Multiple Inheritance Minefield

So I thought I knew how to use inheritance in Python properly. However, when I had a need to use multiple inheritance, I found I did not, in fact, know what was happening. Nothing here is new, it is all in the python docs, and if you are looking for a good explanation of multi class inheritance in python I found this account well-written and useful. …But then I also found a detractor, or two. This post is basically me digesting all the posts I read about inheritance in python, to convince myself I know what I am doing. Warning, this post is a bit of an untamed beast.

When subclassing a class in python, it is almost always necessary to call the constructor of the super class, this can be done with the following:

class MyClass(BaseClass):
    def __init__(self):
        super(MyClass, self).__init__()

and in Python 3 you can even just write:

class MyClass(BaseClass):
    def __init__(self):
        super().__init__()

Also, the constructor of the base class can be called directly:

class MyClass(BaseClass):
    def __init__(self):
        BaseClass.__init__(self)

While looking up code on the internet, I have seen plenty examples of both.
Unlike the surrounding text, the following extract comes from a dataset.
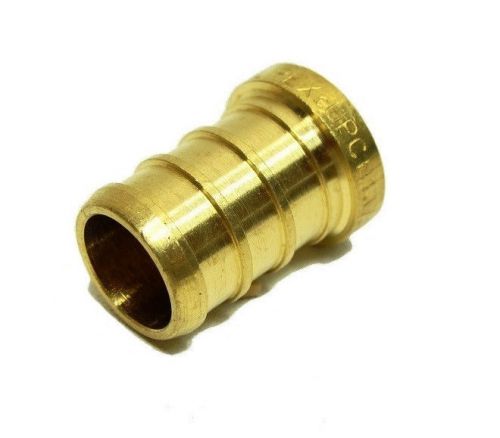 (5) 1/2&#034; pex plugs - brass crimp fittings for sale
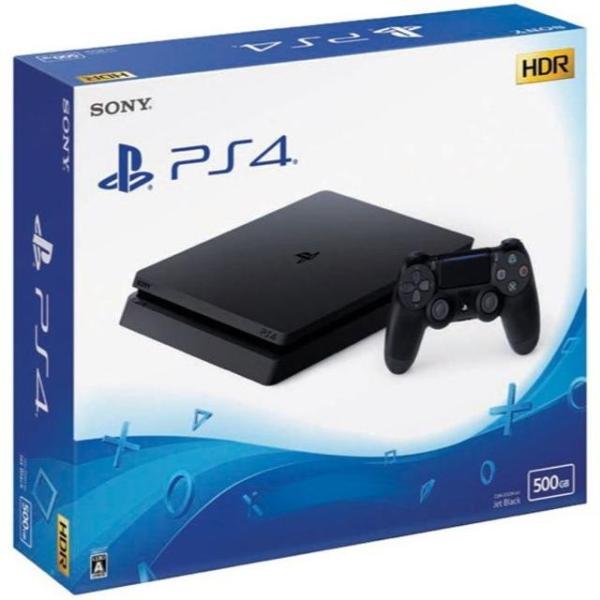 中古)(PS4本体) (PlayStation4)(ジェット・ブラック)(500GB)(CUH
I had assumed the above statements were equivalent, since, of course, the super class of MyClass is BaseClass anyways. And for most of my experience, they were. This is because like any good Pythonista, I had avoided multiple inheritance, treating it as a tool only to be used when there are no other reasonable solutions.

In truth, super is not calling the current class’s super class, it is calling the next class in the Method Resolution Order (MRO). When you have multiple inheritance, this is simply the chain of inheritance from the final subclass you have created all the way up to object.

Also, this is assuming new style classes, which came in under Python 2.2. Although the use of new-style classes is now considered standard, old-style is still default for backwards-compatibility reasons. Attempting to use super with old-style classes will meet you with an error. I ran into this while trying to subclass some third-party code.

Next method invocation, not super class

Looking at the following code:

class AClass(object):
    def __init__(self):
        super(AClass, self).__init__()

I would have thought the super class superfluous. Since we are inheriting from object, which is the root class of inheritance in python, it will effectively do nothing. WRONG!

In multiple inheritance (new-style classes), Python assembles the MRO upon declaration of a new class will iterate through this list each time super() is called. So, if AClass is used as a super class in a multiple inheritance situation, and there is a constructor method after AClass’s in the MRO, whether or not it gets executed depends on whether that super method was called in AClass’s init method.

Here is a simple set of classes that uses multiple inheritance:

class A(object):
    def __init__(self):
        print "init A"
        super(A, self).__init__()

class B(object):
    def __init__(self):
        print "init B"
        super(B, self).__init__()

class C(A):
    def __init__(self):
        print "init C"
        super(C, self).__init__()

class D(C, B):
    def __init__(self):
        print "init D"
        super(D, self).__init__()

if __name__ == '__main__':
    D()

The output is as expected:

init D
init C
init A
init B

The super class of A is object, and object.init() doesn’t do anything* anyways. So we should be able to leave this out, right? Well…

class A(object):
    def __init__(self):
        print "init A"

class B(object):
    def __init__(self):
        print "init B"

class C(A):
    def __init__(self):
        print "init C"
        super(C, self).__init__()

class D(C, B):
    def __init__(self):
        print "init D"
        super(D, self).__init__()

if __name__ == '__main__':
    D()
init D
init C
init A

What happened to init B? When the constructor for D gets called it uses the MRO to find which init() method it should call, which, in this case, is D itself. After that, to get the other init methods to execute, super needs to be called, in each successive init method. Alternatively, the MRO can be subverted by calling init explicitly, as mentioned at the start up this post. In single inheritance situations, the difference turns out to be inconsequential.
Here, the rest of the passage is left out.